Lorentz violation
Many theories of quantum gravity predict that spacetime has a fundamental structure at the Planck scale. While direct probes of the Planck scale are not possible, this fundamental structure could still have observable consequences. One of the most promising avenues of exploration has been the possibility that quantum gravity might violate Lorentz invariance, which is one of the fundamental symmetries of special relativity. If Lorentz violation is to be compatible with everyday experience, it must be strongly suppressed somehow. A natural method of suppression which has been extensively studied is to suppress Lorentz violation by some power of the energy E of a particle over the Planck energy EPlanck. Just as the Planck length is extremely small, the Planck energy is extremely large (1.22 x 1019 GeV). Therefore the ratio E/EPlanck is very small for everyday particles (or even those produced in accelerators) and Lorentz violation suppressed by a power of E/EPlanck is compatible with everyday experience. However, there are some ways that we can still measure the effect, as described below.
Astrophysical constraints
If Lorentz invariance is violated then astrophysical objects that accelerate particles to extremely high energies (such as the Crab nebula, pictured in the x-ray spectrum) are sensitive to Lorentz violation. My collaborators and I have used the observation of high energy synchrotron and inverse Compton radiation from the Crab to place strong limits on Lorentz violation, effectively ruling out Lorentz violation in effective field theories at order E/EPlanck (reference).
Other astrophysical phenomena that can be used to study possible Lorentz violation are gamma ray bursters (GRB's). Gamma rays from GRB's exhibit strong linear polarization. Certain types of Lorentz violation would destroy this polarization as the gamma rays travel from the GRB to us. Since the polarization still exists, this type of Lorentz violation is also strongly constrained (reference).

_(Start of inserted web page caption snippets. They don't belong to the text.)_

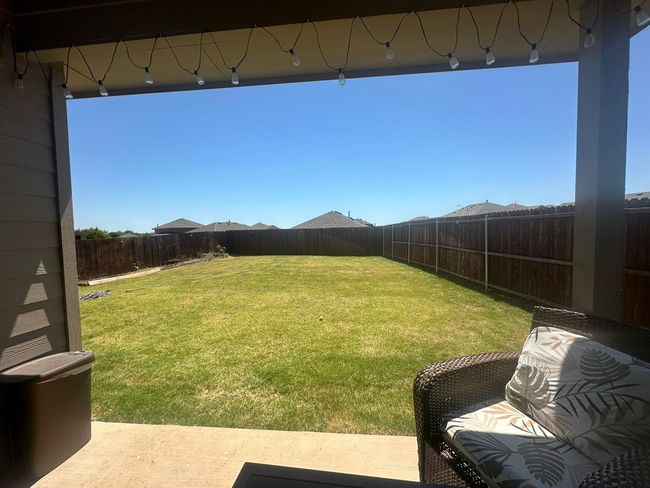 View of fenced backyard | Image 15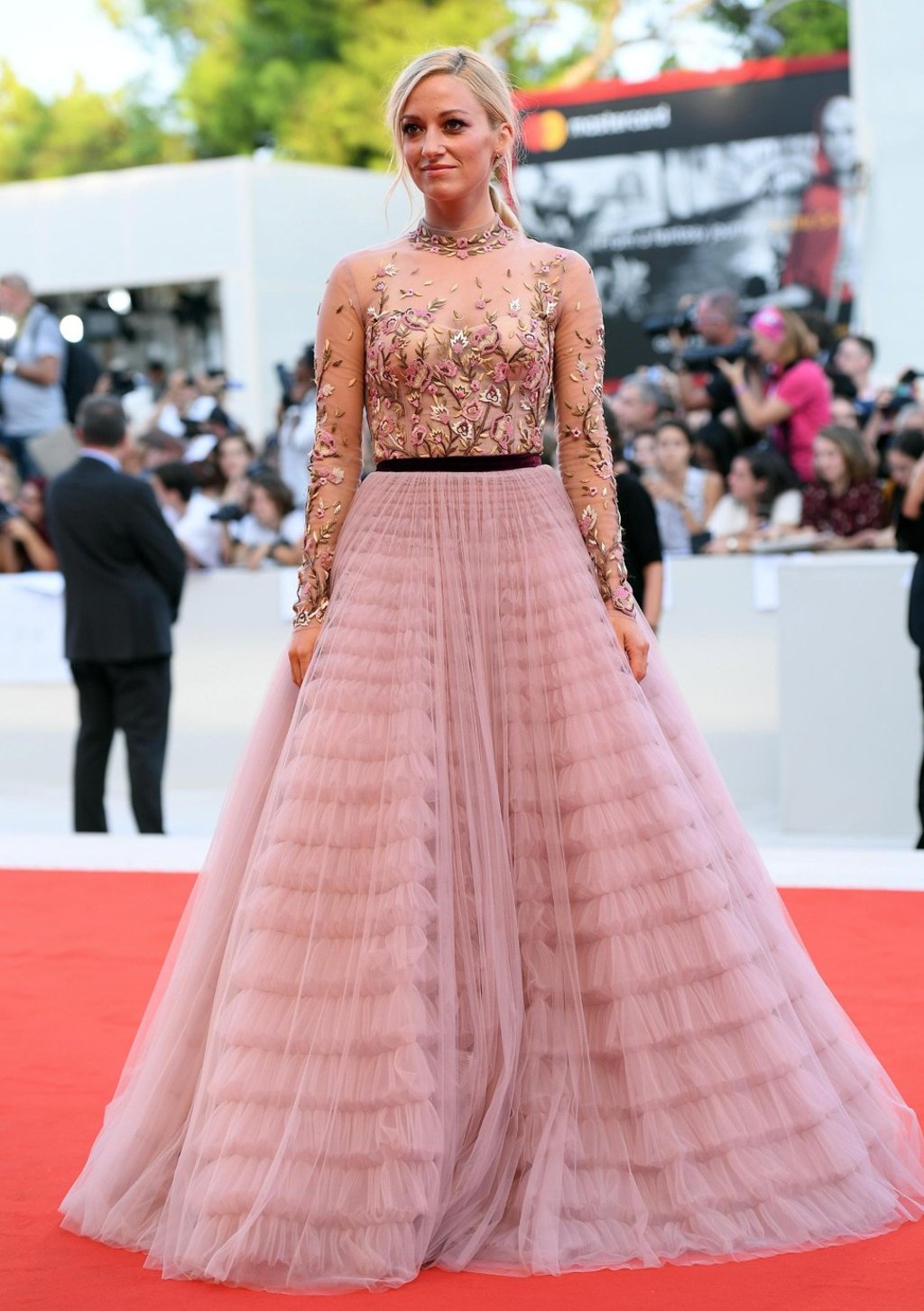 Britain’s Olivia Hamilton, who also has a role in ‘First Man’, opted for a long dress in a pale shade. Photo: EPA-EFE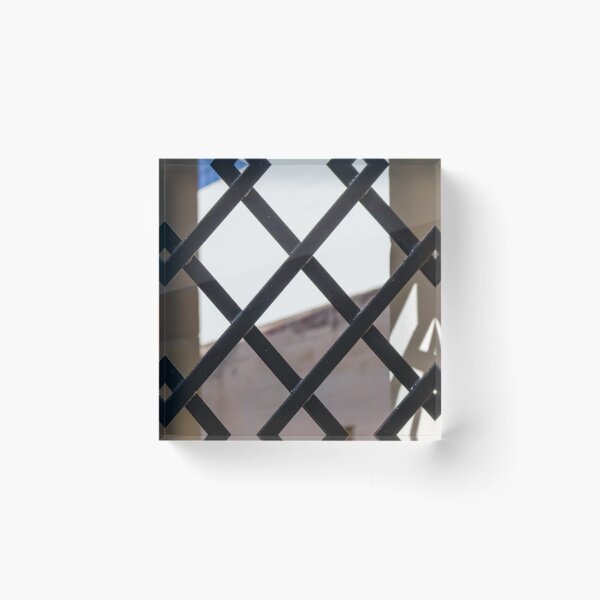 Item preview, Black Metal Lattice Fence With Diamond Pattern Framing Bright Urban Building And Blue Sky Background designed and sold by Nmallia.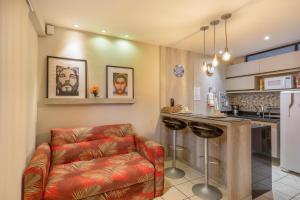 a living room with a couch and a kitchen at Atlântico Flat Beira Mar in Natal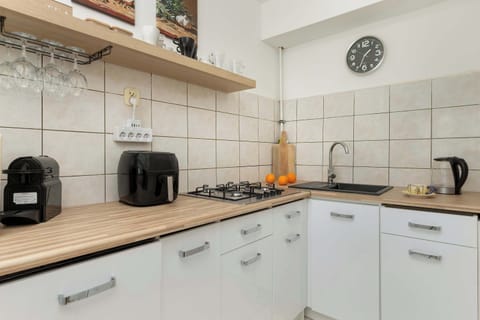 A compact yet fully equipped kitchen with white cabinets, wooden countertops, and essential appliances including a kettle and toaster.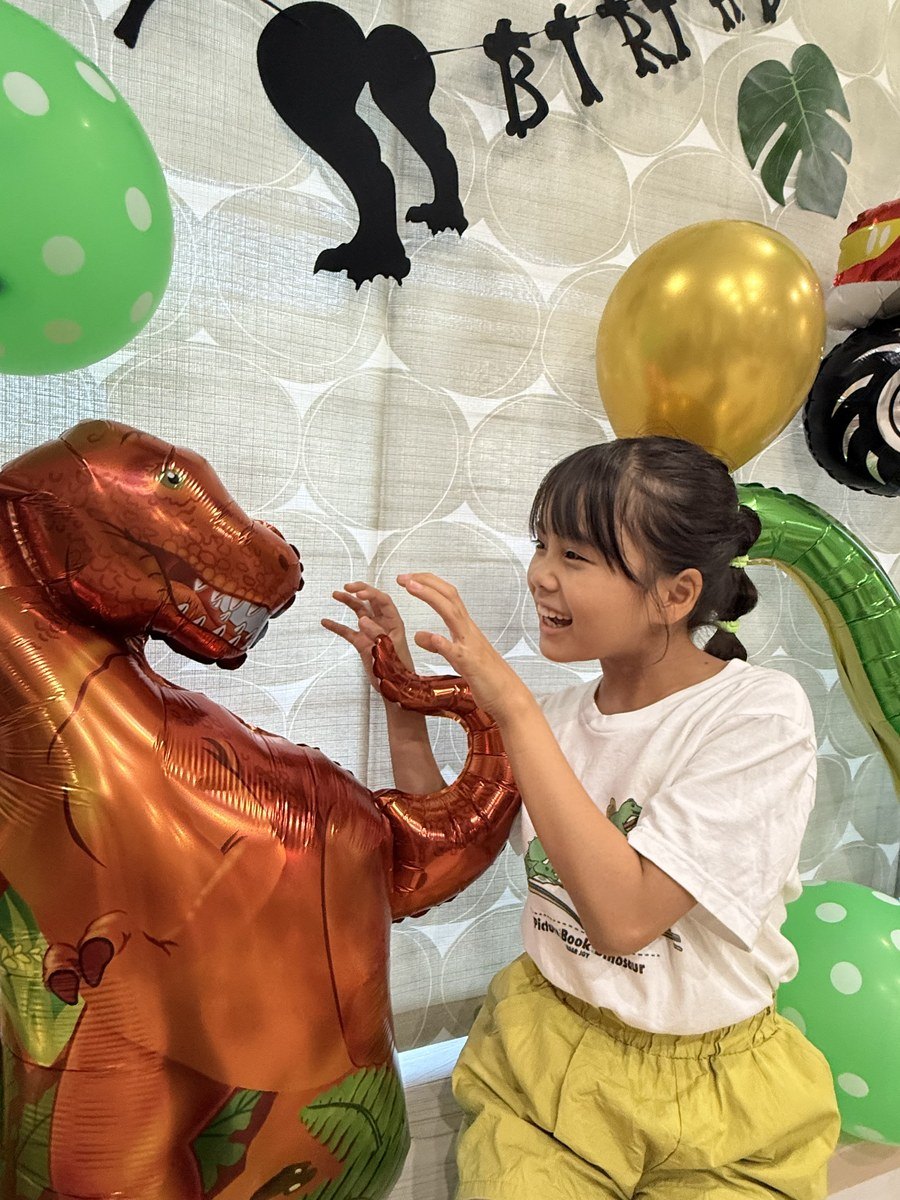窓辺の段に恐竜バルーンを並べた誕生日の飾り付け実例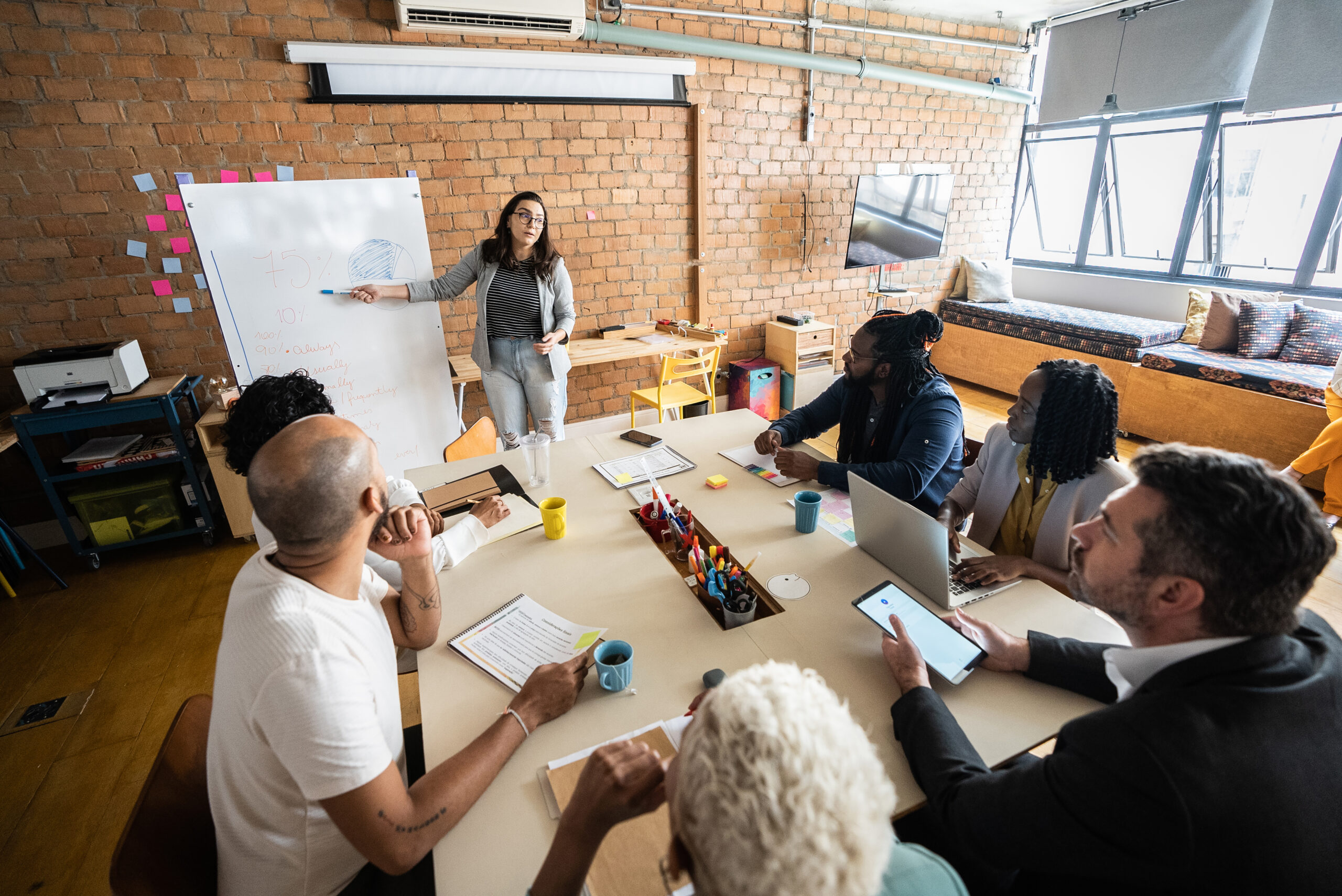 Diverse group of school leaders changing instruction with intentionally thinking about a new curriculum for their district.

For list of other astrophysical phenomena that can be used to set limits on Lorentz violation, including the GZK cutoff and active galaxies, see what my collaborators and I affectionately call 'the long paper'.
Effective field theories
Whatever the fundamental structure of spacetime is, at energies much lower than the Planck scale it must reduce to the standard model plus small corrections. The standard model is an effective field theory, so an approach to Lorentz violation that does not draw on the fundamental nature of spacetime is to look for structures that give rise to Lorentz violation and can be incorporated into an effective field theory. I have studied theories with a preferred frame, which means that one class of observers moving through space is chosen to be 'special'. Such a frame can be incorporated into the framework of general relativity, as long as we satisfy diffeomorphism invariance (which is the fundamental symmetry of general relativity). The construction and consequences of such a theory can be read about here.
Hawking radiation
In the standard picture of Hawking radiation, wave modes that reach spatial infinity originate near the black hole event horizon and propagate outwards. As they travel outwards these modes experience exponential redshiftifting due to the gravitational field of the black hole. At late times, the modes that would be observed far from the hole had wavelengths shorter than the Planck length near the horizon. These trans-Planckian modes are incompatible with the belief that quantum gravity limits the smallest length of spacetime to be the Planck length. If, however, Lorentz invariance is violated then there is a resolution to this puzzle. The observed modes either come from inside the black hole (if the Lorentz violation makes the radiated particles superluminal) or modes come in from infinity, "bounce" near the horizon and propagate back out (the subluminal case). For a discussion of the effect of Lorentz violation on Hawking radiation see this paper.
Other interests
Fundamental structure of spacetime
The fundamental structure of space that might give rise to Lorentz violation is, of course, what one would ideally like to discover. There are many, many proposals - string theory, loop quantum gravity, causal sets, Regge calculus, etc. I have a strong interest in discrete models such as causal sets, loop quantum gravity, and Regge calculus that may give hints about how whatever the real structure is behaves.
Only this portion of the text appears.